En medio de las conversaciones del compartir, es inevitable que a las féminas se les vaya la lengua en algún momento y oigas algo como esto: ¡Casilda, ven para echarte un cacho, mijita! Esa es nuestra forma de decir que te tengo un chisme buenísimo, que no te puedes perder.
En mi niñez, a los helados de paleta con forma cilíndrica les decíamos “polos” y si viajábamos a Carúpano, ciudad localizada al este del estado Sucre, era muy común saborear un “esnobol” (españolización del anglicismo “snow ball”), que era el helado de frutas en forma de hielo granizado cubierto con jarabe de diferentes sabores y leche condensada.
En Cumaná se les conoce como “raspados” una suerte de combinación de onomatopeya con analogía visual, pues el “raspadero”, título con el que se bautizó al señor que arrastraba su carrito hasta la puerta de la escuela para vender su helado refrigerio a los guarichos (a los niños en edad escolar) colocaba un bloque de hielo en un plato giratorio equipado con una cuchilla, que rotaba a punta de darle manivela y que dejaba caer frente a los ojos maravillados de los niños una cascada de virutas de hielo que el primorosamente recogía con su cucharón, la apilaba hábilmente en un vaso de cono de papel encerado y procedía a cubrirlo con el jarabe del sabor frutal que el niño escogiese. Quien no lo disfrutó se perdió de algo inolvidable.
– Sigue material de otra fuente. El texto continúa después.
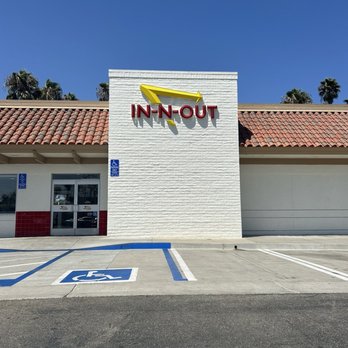 In-N-Out Burger - Exterior - Burgers Near Me - Long Beach, California In-N-Out Burger - Exterior - Burgers Near Me - Long Beach, California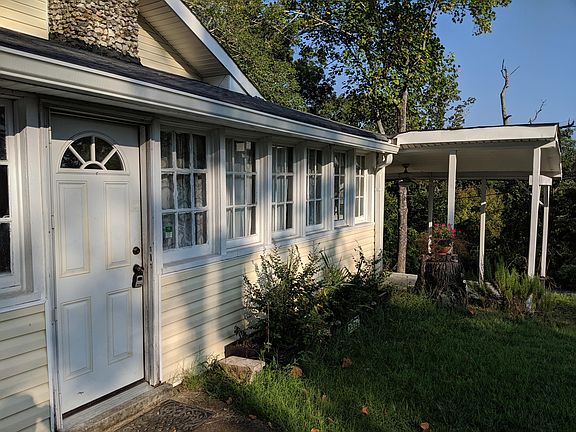 5th image of 3314 Montview Dr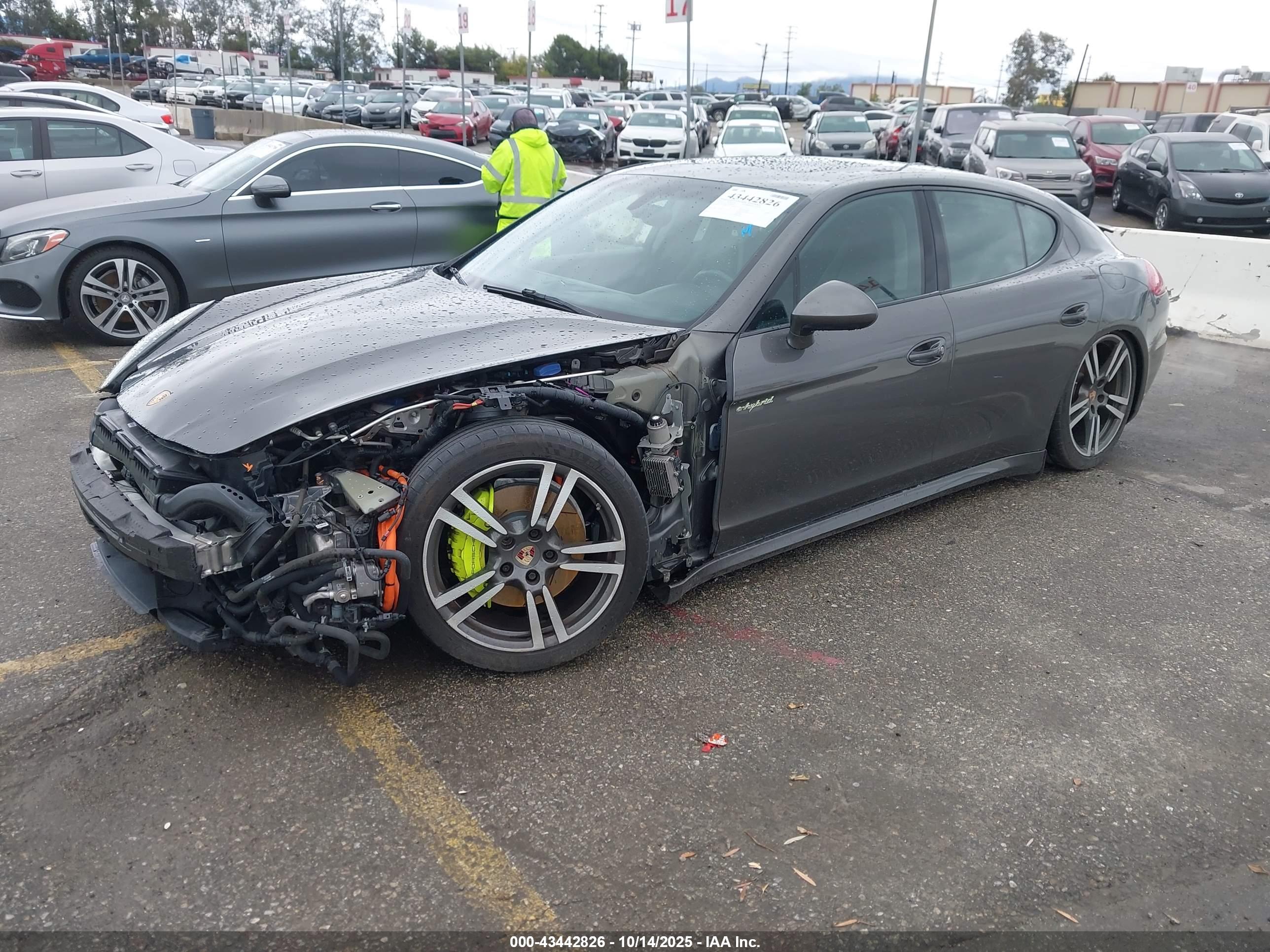 PORSCHE PANAMERA image 2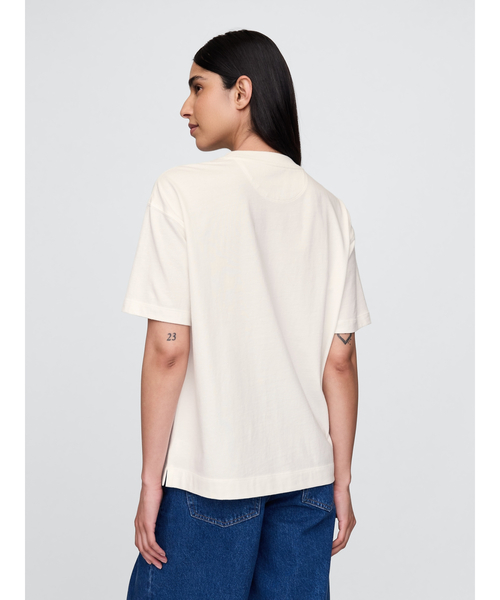 GAP(ギャップ)の「30th アニバーサリー オーバーサイズ GAPロゴTシャツ(Tシャツ/カットソー・レディース・オフホワイト/ブルー/ブラック/レッド・XS/S/M/L/XL/XXS)」の11枚目の写真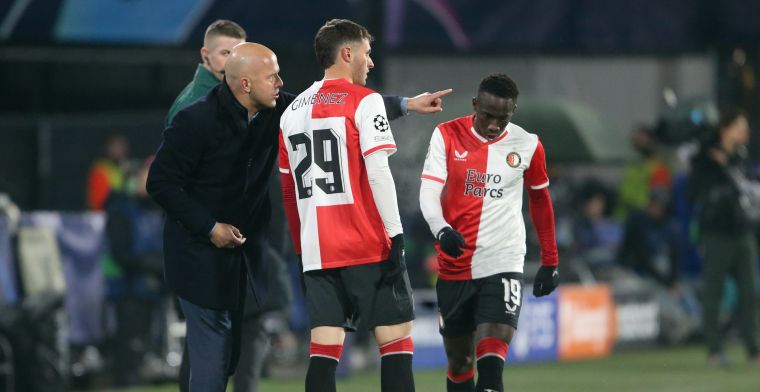 'Je ziet dat Arne Slot erg ontevreden is, Feyenoord krijgt dat niet voor elkaar'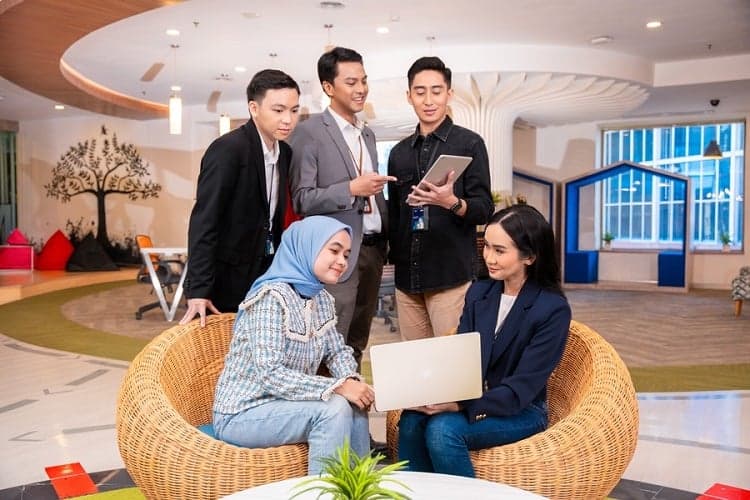 Human Capital BRI Raih Indonesia Distinguished Human Capital Leader Awards 2024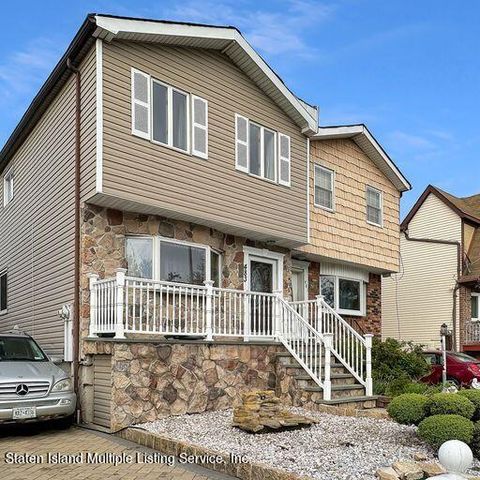 Photo of 483 Lisk Avenue, Staten Island, NY 10303 (MLS # 1161658)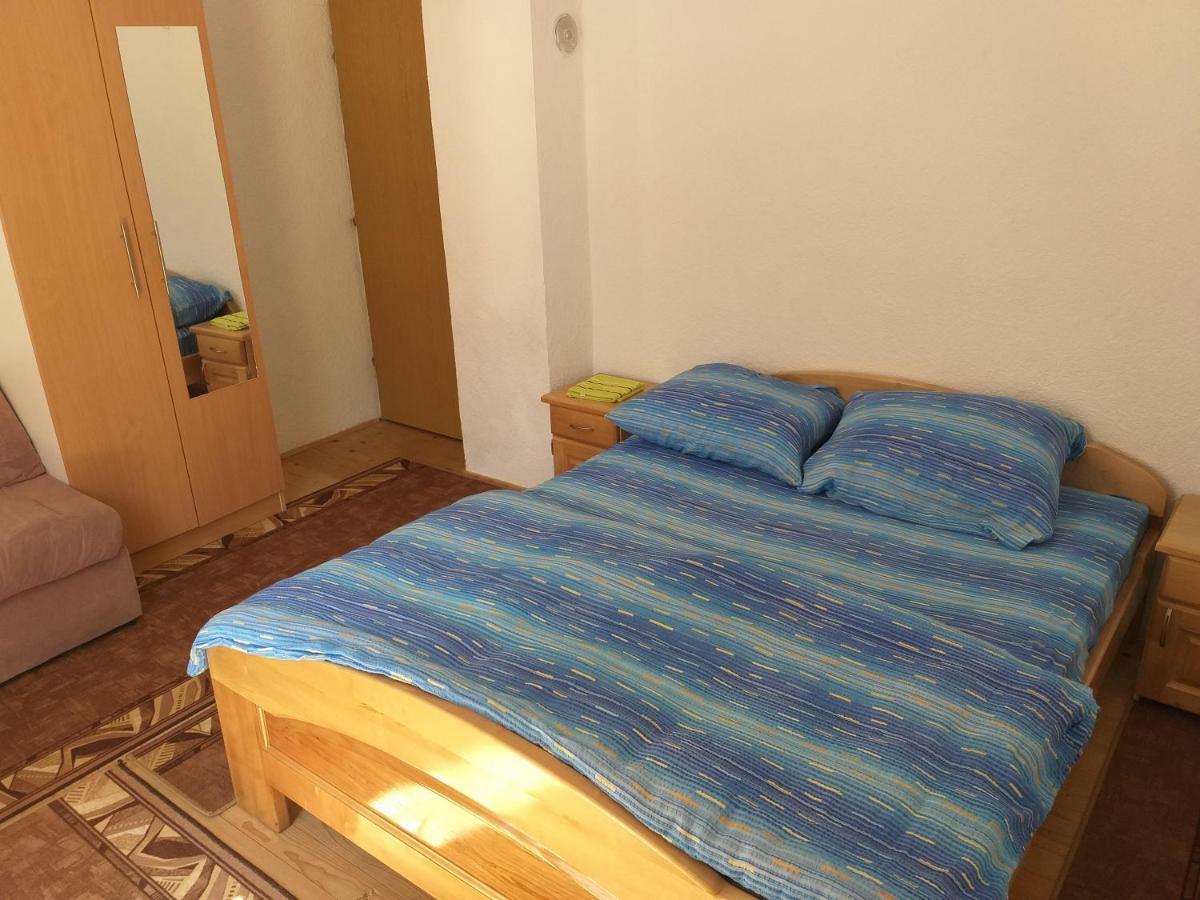 מלון יאיצי Lake House Krndija מראה חיצוני תמונה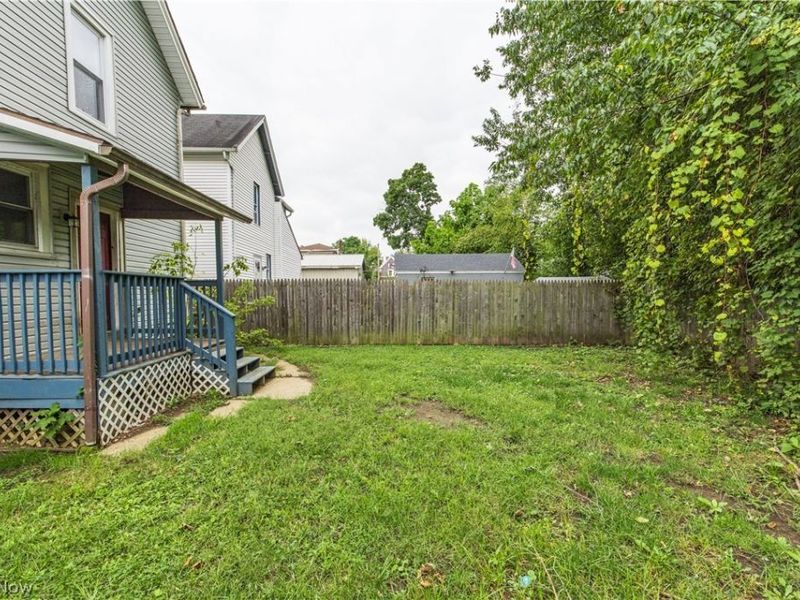 327 Schrock Place SW, Canton, OH 44647 Photo 33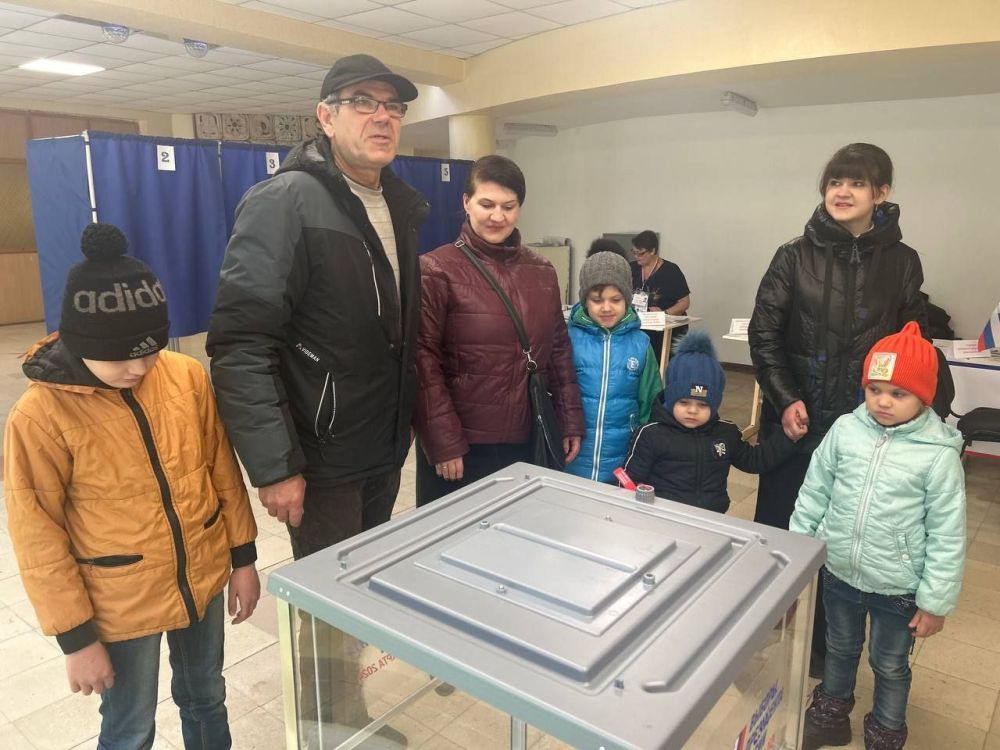 Виктор Водолацкий: Луганская Народная Республика активно голосует на выборах Президента России!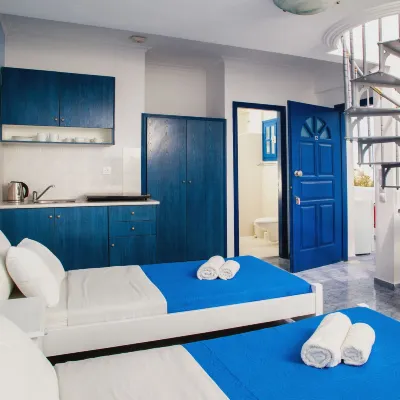 Roula Villa Studios & Apartments Отели рядом с достопримечательностью «Древняя Фира»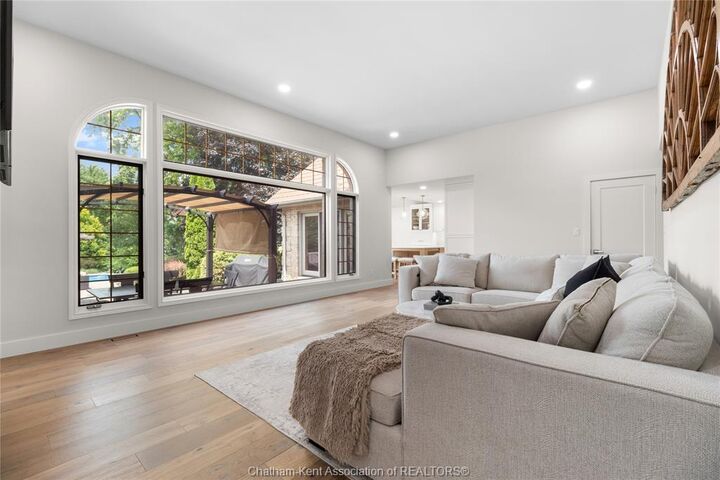 Property Photo:  7423 Riverview Line  ON N7M 5T1 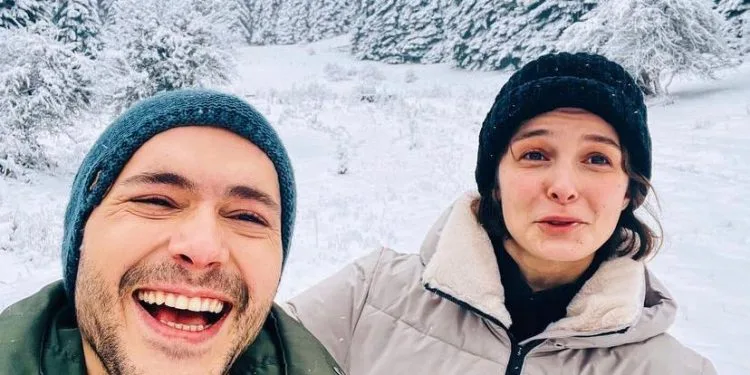 Büşra Develi e Alperen Duymaz sono felici come bambini sul set di Erkek Severse!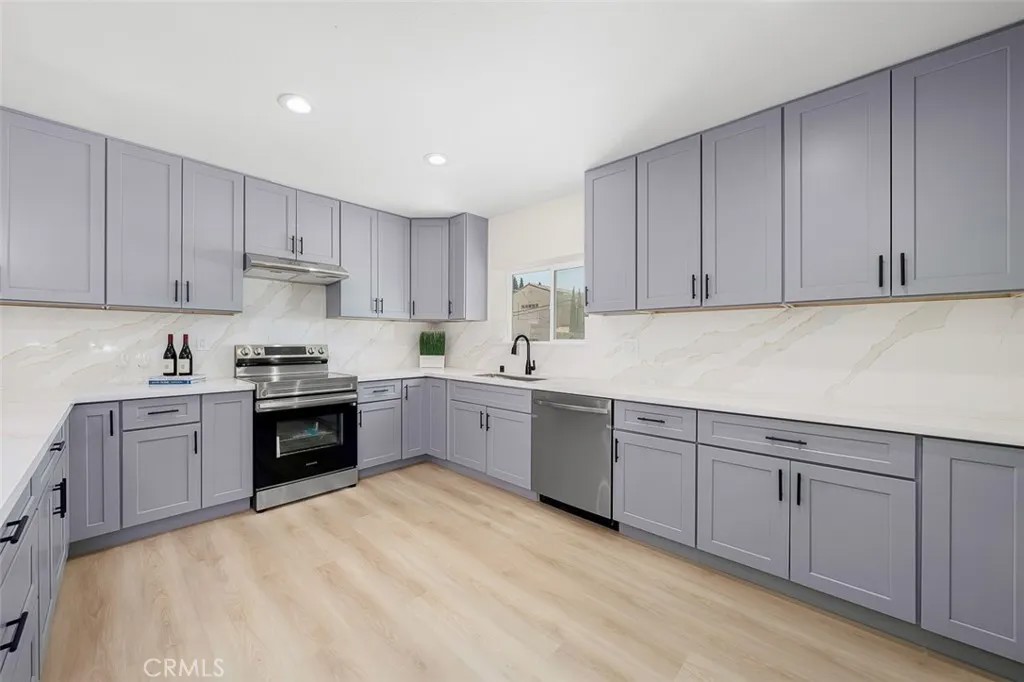 3505 Ibis Street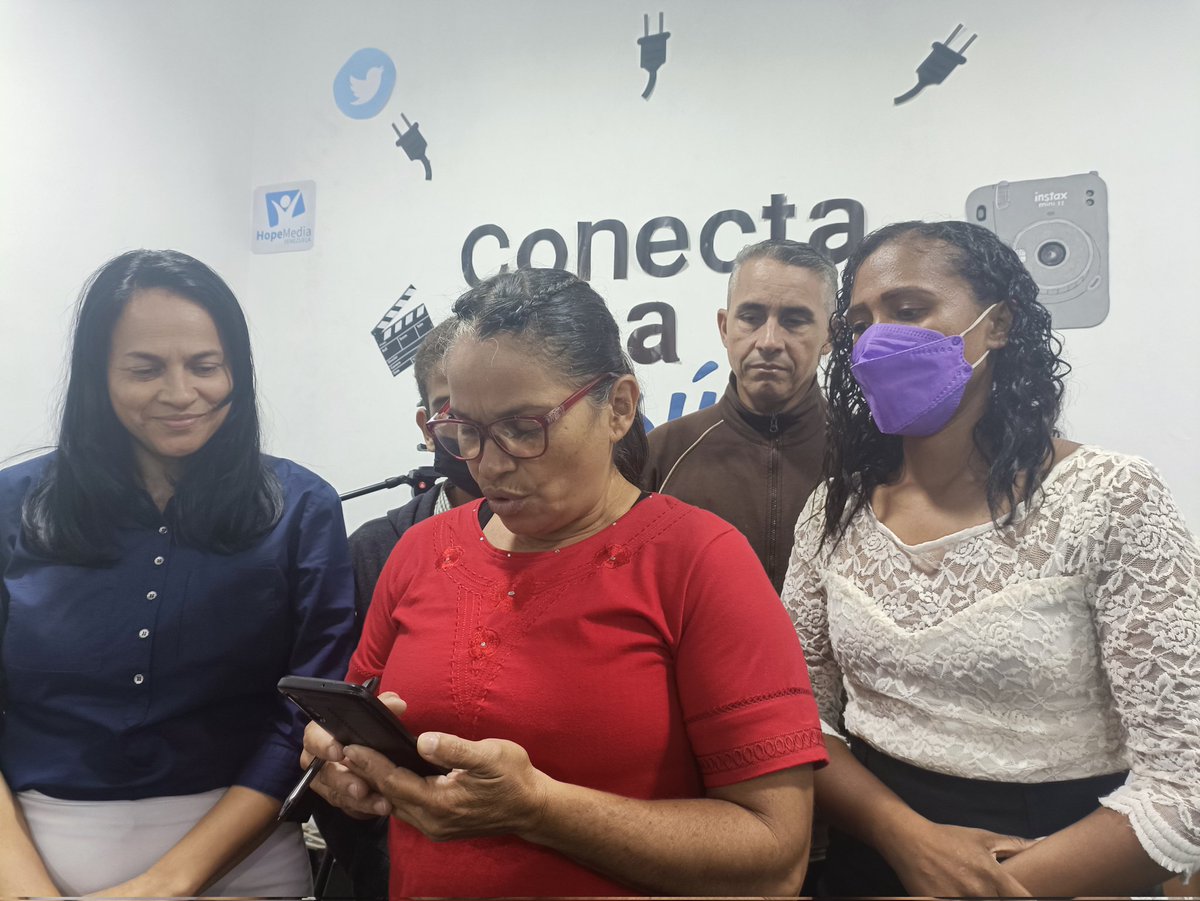 mivenoriental's tweet photo. Participantes del seminario de Noticias presentan sus redacciones realizadas en la actividad práctica. ✍️💪🏽
El tema fue desarrollar una noticia sobre el FestCom MVNOR "Conecta a Jesús". 😍
#PasiónMVNOr #FestCom https://t.co/JoUvzDaCz3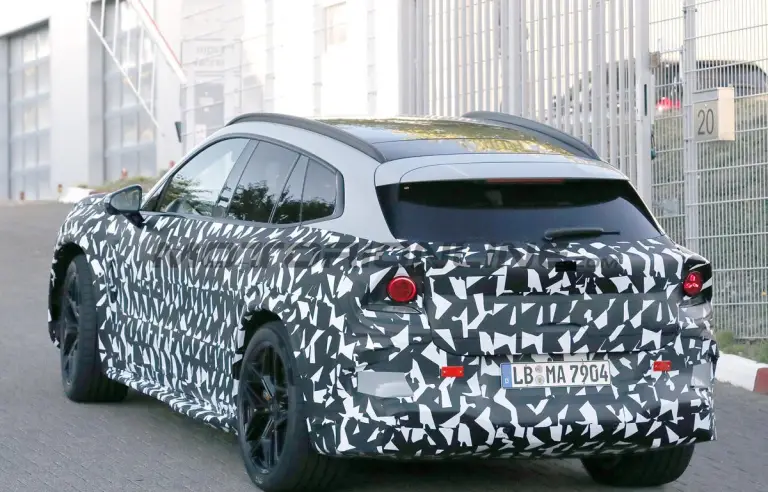 Mercedes-AMG SUV - Foto spia 16-09-2026 - 9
Ciertas partes de la anatomía humana también han caído en la lengua de las féminas de mayor edad de la casa y, que levante la mano el macho al que no le han espetado esta frase cuando su señora o la “cachifa” están limpiando la casa: ¡Quita tus ñames de la silla!, cuando tienes los pies apoyados en una y más aún si estás varado en el medio cual ferry abandonado.
Los abuelos eran más directos y tenían su forma muy folclórica de hacérnoslo saber, especialmente cuando no obedecíamos o nos hacíamos los desentendidos: “este muchacho si es cabeza e’ ñame” y zuas! Te halaban la oreja para hacerte entrar en razón o prestaras atención a la explicación. Porque eso de que la letra con sangre entra…¡si funciona!
Los vendedores de pescado y otros frutos marinos solían circular por ciertas zonas de la ciudad, empujando su carretilla y ofreciendo de viva voz su mercancía. Hoy día lo hacen en bicicleta y el modernismo de tal artilugio los rebautizó con el mote de “bicicleteros” y ahora, además de vociferar su mercancía, hacen sonar una corneta de bombita, para que te des por enterado de su presencia.
Muchacho que no fue enviado a la bodega por sus padres a comprar algo que no se compró en el mercado, no tuvo infancia. Te daban los centavos enrollados en un papelito que indicaba lo que debías pedirle al “bodeguero”, verificar que te lo diera completo y cuidar el vuelto con mucho celo; regresar a casa derechito por la sombrita y poner el mandado en la mesa. Pero si al abrir la bolsa de papel tu mamá notaba que faltaba algo, era impelable que te dijeran: Pero muchacho bocabierta…¿no te fijaste? Y empezaba la retahíla: ajá, aquí está el quaker (la famosa marca de avena); las 2 ñemas (los huevos), el zumbí (el cambur verde)… y… ¡te faltó el cubito, muchacho gafo!
¿Vieron por qué les digo que era toda una aventura? Eso es parte del peculiar hablar del oriente del país.